What is happening between the Senate and Malacañang these days resurrects in the mind an adage that is better quoted in its original Pilipino version: “Ang hindi makuha sa santong dasalan ay kunin sa santong paspasan.”
It simply means that if you cannot get or win over support or loyalty by wooing and pleading, then use coercive and intimidating force.
That was the original meaning then. We have seen how this has evolved, given the institutionalization of graft and corruption in the government.
The “santong paspasan” now includes a more persuasive sweetener — absolution from charges plus persuasive petty cash in suitcases delivered to one’s doorstep.
The saying also reminds us of Judge Giovanni Falcone who dedicated his life to serving as an Italian magistrate and prosecuting judge who spearheaded the fight against the Sicilian Mafia, also known as Cosa Nostra.

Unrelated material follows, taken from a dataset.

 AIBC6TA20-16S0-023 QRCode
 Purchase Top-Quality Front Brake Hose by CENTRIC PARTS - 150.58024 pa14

Falcone was given two options by the Mafia which was engaged in drug trafficking, extortion and illegal gambling. Either he accepted their offer of oodles of cash and stopped his crusade against them or he would end up in his grave.
Judge Falcone chose the grave so that Sicily could live.
In the Philippine setting, we have senators who were offered freedom from suit and suitcases of cash — not from drugs, extortion, or gambling, for that would have been too much trouble — but from kickbacks derived from ghost flood control projects and bawdy insertions of unprogrammed funds into anomalous government budgets.
These senators now call themselves “the majority.” That now consolidates the forces of kleptocracy whose primordial agenda is to bury in the catacombs of forgetfulness the anomalies of the flood control projects. That will wash away the accountability of all the characters in the executive and legislative branches.
The 13 of them will now go for the kill, so to speak, to convict VP Sara in the impeachment court so that they will live happily ever after. But 13 is not enough.
It is a futile option for the rats that jumped ship to seek refuge in what they thought was a rescue boat that sailed from Malacañang through the murky Pasig River. The 2028 election is not far off and if perchance VP Sara becomes president they will have to settle their obligations pronto.
Recall how Lucio Tan refused to settle P6 billion in arrears owed to the government and how the smarting MV Pangilinan told the newly elected President Rodrigo Duterte to leave the telecom industry alone. Then with an overdose of hubris MVP, for his part, demanded P3 billion for him to surrender the 3G radio frequencies which the government earlier awarded to CURE, an idle PLDT subsidiary. The frequency spectrum was to be awarded instead to the country’s third major telecommunications player.
In response, Duterte asked Pangilinan to pay the government the very amount he demanded, which MVP complied with in less than 48 hours. Well, that is the brand of leadership some senators and oligarchs abhor should another Duterte become president.
And where are we today? We have a new majority in the Senate who are bound together not by any noble agenda but to avoid cases of malfeasance.
Meanwhile, we witnessed another classic absurdity where Malacañang directed the Ninoy Aquino International Airport to sell itself to itself for P48 billion.
This explains the bewilderment of PBBM when he asked: “Ang nais ko talagang malaman, paano ba tayo umabot sa ganito? Bakit nagkaganito yong gobyerno natin? Paano natin hinayaan na maging ganito kalala ang sitwasyon? Hindi ko maintindihan…anong gagawin natin?”
(“What I really want to know is how we got to where we are. How did our government get this way? I don’t understand…what should we do?”)
In disbelief, I asked Senator Imee what her brother was up to. Her curt reply: “He forgot he is the President.”